Which brings up a question.  If viewing has side-effects, should one use GET as the verb?  GET is supposed to be nullipotent, but if viewing creates an audit trail (which is non-idempotent) or marks the record as read (which is idempotent, but not nullipotent), then is GET the appropriate HTTP method?  After some serious thought on this, I’ve concluded the answer is no.  Imagine a browser that does aggressive pre-caching of linked pages.  It can do that because GET is nullipotent.  If, however, viewing records is non-nullipotent, then you want to ensure the browser does not do pre-caching of linked pages.  As a result, all of the links for viewing records should be transitioned to using POST.  This, unfortunately, makes development a lot uglier, but that’s the price one has to pay for ensuring adherence to the browser model.

The next question that occurred to me is how to handle reversible state changes.  For instance, I’m curious how banking systems handle reversing a deposit.  There are two ways of handling this – one is to delete the original deposit record (there might be an audit trail somewhere, but in the transaction log for your account the original deposit simply wouldn’t show).  The other would be to issue a subsequent “undo deposit” transaction.  The latter has the advantage of preserving the original transaction entries as they posted.  The former has the advantage of some degree of simplicity.  However, in both cases there are potential issues that need to be considered.  Imagine I have a balance of $1000 from Jan 1st through Mar 1st.  On Mar 1st, an invalid deposit of $999,000 gets made into my bank account.  On Apr 1st, I finally notice that my account balance seems a tad high and notify my credit union.  They promptly reverse the transaction using either model.  However, I still end up with a higher balance than I would have otherwise!  Why?  Because on Mar 31st, the bank computed interest.  In this hypothetical case, let’s assume I get 1% per quarter (wouldn’t that be nice).  As a result, I get $3,340 in interest on my average balance of $334,000 for the quarter.  If the invalid deposit had never been made, I would have received only $10 in interest.  I assume banking applications have ways of handling this – either all balance-dependent transactions following an invalidated transaction are modified, or if an adjustment transaction is inserted on Apr 1st, then adjustment transactions for all of the balance-dependent transactions are inserted as well.  Issues can be observed in the reverse case as well – imagine invalid withdrawals being made that result in negative-balance fees being applied to the account.  Reversing those invalid withdrawals also needs to clean up the negative-balance fees.

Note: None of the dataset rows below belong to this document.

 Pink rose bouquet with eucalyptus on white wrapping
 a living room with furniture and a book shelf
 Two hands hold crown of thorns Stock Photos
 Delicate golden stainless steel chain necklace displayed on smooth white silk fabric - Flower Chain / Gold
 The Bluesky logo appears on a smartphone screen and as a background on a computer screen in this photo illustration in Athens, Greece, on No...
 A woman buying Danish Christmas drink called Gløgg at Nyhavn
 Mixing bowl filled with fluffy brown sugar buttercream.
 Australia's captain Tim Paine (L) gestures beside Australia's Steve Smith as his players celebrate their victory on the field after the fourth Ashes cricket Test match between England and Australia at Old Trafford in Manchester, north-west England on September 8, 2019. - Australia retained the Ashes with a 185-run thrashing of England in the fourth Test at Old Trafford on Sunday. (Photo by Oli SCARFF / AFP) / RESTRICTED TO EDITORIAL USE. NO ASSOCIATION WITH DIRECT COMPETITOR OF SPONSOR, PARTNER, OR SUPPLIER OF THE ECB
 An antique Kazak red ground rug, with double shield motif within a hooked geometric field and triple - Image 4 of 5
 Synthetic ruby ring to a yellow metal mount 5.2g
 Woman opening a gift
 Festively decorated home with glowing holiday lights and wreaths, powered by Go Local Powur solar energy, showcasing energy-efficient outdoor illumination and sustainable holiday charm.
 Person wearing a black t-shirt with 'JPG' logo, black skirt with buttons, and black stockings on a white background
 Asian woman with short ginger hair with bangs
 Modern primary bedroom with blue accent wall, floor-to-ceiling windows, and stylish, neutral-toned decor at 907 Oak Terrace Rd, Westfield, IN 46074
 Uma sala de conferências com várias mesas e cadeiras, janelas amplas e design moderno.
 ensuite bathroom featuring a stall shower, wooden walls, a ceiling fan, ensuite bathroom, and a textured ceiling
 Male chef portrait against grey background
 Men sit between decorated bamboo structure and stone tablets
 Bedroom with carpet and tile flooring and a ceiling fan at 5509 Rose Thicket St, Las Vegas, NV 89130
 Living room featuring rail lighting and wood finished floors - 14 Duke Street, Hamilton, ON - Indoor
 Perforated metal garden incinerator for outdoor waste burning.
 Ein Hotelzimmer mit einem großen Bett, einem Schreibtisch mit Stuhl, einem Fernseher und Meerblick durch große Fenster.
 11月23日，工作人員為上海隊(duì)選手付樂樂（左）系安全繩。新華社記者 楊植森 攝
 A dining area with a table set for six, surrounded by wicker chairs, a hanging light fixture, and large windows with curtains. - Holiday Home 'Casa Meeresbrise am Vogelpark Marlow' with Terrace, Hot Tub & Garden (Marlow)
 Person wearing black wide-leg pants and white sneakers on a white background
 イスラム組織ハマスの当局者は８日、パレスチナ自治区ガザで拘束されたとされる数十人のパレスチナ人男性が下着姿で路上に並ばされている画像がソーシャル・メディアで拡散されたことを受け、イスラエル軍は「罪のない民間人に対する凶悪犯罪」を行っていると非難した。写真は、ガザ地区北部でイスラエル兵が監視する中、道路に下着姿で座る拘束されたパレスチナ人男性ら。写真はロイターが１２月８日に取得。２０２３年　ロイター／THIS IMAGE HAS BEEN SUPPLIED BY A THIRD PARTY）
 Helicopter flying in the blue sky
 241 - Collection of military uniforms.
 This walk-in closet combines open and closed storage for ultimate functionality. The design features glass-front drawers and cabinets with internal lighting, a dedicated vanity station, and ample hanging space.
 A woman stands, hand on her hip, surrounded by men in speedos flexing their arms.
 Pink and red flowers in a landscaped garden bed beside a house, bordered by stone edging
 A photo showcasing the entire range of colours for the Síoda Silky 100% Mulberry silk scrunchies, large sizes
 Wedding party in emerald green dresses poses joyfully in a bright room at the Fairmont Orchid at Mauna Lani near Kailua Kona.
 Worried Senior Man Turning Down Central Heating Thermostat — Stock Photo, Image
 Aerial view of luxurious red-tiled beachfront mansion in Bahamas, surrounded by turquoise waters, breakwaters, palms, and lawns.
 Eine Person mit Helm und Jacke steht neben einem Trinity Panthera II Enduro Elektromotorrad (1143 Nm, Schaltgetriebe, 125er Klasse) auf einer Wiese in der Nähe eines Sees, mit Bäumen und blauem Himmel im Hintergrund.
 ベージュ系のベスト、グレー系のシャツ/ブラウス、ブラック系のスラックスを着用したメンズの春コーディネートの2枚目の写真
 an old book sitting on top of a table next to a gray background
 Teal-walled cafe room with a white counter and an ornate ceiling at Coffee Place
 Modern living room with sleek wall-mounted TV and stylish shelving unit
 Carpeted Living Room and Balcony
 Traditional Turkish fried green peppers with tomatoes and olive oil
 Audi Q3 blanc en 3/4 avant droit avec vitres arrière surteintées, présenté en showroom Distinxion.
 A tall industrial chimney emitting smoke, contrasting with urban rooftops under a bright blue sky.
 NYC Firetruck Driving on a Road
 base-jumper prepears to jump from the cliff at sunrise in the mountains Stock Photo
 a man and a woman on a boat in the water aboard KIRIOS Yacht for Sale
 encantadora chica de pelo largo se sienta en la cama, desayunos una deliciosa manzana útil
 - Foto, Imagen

Hello world from Toby Ovod-Everett

I’m a software developer located in Anchorage, Alaska.  I have a strong interest in database front-end development.  While I find web front-ends to have some serious limitations from a UI perspective, I’ve been convinced that the dramatic simplification of deployment and updating outweigh those disadvantages.

Historically, I’ve worked for the last 16 years doing automated workstation management, including building my own framework for deploying software under SMS, developing my own tool sets for package and install/update routine validation, etc.  That was a 16 year detour from my primary interest, though, and I’m excited to be back on track.

Along the way I developed an OO framework for developing ASP web frontends for SQL Server databases using Perl.  The logic tier and most of the presentation tier were encapsulated in an object layer that implemented the database access, business logic, and a majority of the HTML generation and ASP interaction.  That was skinned by very thin ASP pages.  In order to facilitate rapid development and maintenance, a custom data dictionary was developed in a separate SQL Server database.  Perl scripts accessed the data dictionary to do code generation for the 400KB of T-SQL code that defined the database structure, as well as for the Win32::ASP::DB object layer and the ASP pages.  Almost all of the database-specific code was stored in the data dictionary and was injected during the code generation.  In addition, the code generators supported a variety of callbacks stored in the data dictionary that manipulated and extended the structure early in the code generation process, thus permitting repetitive entries to be automatically generated.

As part of that, Ned Konz and I co-developed Class::Prototyped for Perl.  Class::Prototyped is a module that supports fast prototype-based OO programming in Perl.  The semantics came straight out of the Self language, but we stuck to Perlish syntax as much as possible.  It has support for OO reflection and meta-programming, both on objects built using Class::Prototyped as well as arbitrary existing Perl classes.

My long-term interests include:

  • Database design
  • Front-end design
  • Meta-programming
  • DRY

 

However, I’ve come to the conclusion that I need to stop developing custom frameworks from scratch.  So I’ve thrown in my hat with the Ruby on Rails community, and if I find itches in RoR that need scratching, I’ll start writing and coding.